LATIKA KATT

Born in 1948, Latika Katt was among India’s foremost sculptors known for her experimental oeuvre, for which she innovated with a range of materials such as bronze, stone, and cow dung. She was also known for her busts of important personalities. She was a professor at the Jamia
Millia Islamia University, New Delhi, and divided her time between Delhi and Banaras. Katt received her BFA from Banaras Hindu University and MFA from the Faculty of Fine Arts, M. S. University, Baroda, in 1971. She was also the recipient of a research scholarship from the Slade School of Art, London in 1981.
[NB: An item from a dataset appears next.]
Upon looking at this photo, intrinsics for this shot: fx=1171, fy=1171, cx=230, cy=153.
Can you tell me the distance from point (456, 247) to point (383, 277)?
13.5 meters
Some of her seminal international exhibitions were at the Paris Biennale, Museum of Modern Art, Paris (1980), ‘STREE’ Show at Moscow, Leningrad & Tashkent (1988), International New Art Form Show at Chicago, US (1991), Osaka Triennale, Japan (1993), Asian Pacific Show, Bahrain (2000), and the Fourth International Art Biennale in Beijing (2010), among others. She had an equally robust exhibition calendar within India, with shows in the National Gallery of Modern Art, Delhi; Cymroza Gallery, Mumbai; Sakshi Gallery, Mumbai, among others. Her final body of works are currently on show at The Sculpture Park in Jaipur.
About The Work
Courtesy of the artist, Varanasi
With a career as a sculptor which spans six decades, Katt would cite two primary influences on her work: Nature and the city where she chose to live for most of her life: Varanasi. While she had worked extensively in a figurative mode, with some important commissions under her belt, it is for her abstract work that she is primarily known. She worked with every material possible and exhaustively explored all methods: modelling, carving, and casting. In the exhibition we have three varieties of her work, with a group of twenty new works which combine cast bronze with carved stone on display in one courtyard. These works, collectively entitled the “Abandoned” series, start with bronzes that have been cast from waxes concocted by the artist. These bronzes are then mounted within larger stones, of varying types, as a gem might be set into a gold or silver mount for presentation as a brooch. The two different materials fuse together into a new, sympathetic configuration that might resemble an archeological dig, a technological device, a surgical implant, or forgotten architecture. Also on view are two sculptures made solely from terracotta clay that speak to the artist’s interest in insects, as they bear similarities with termite mounds or wasp nests. To finish are two large sculptures of wood that are suspended from the ceiling, one with the addition of some copper elements, that exploit the characteristics of found branches and their linearity.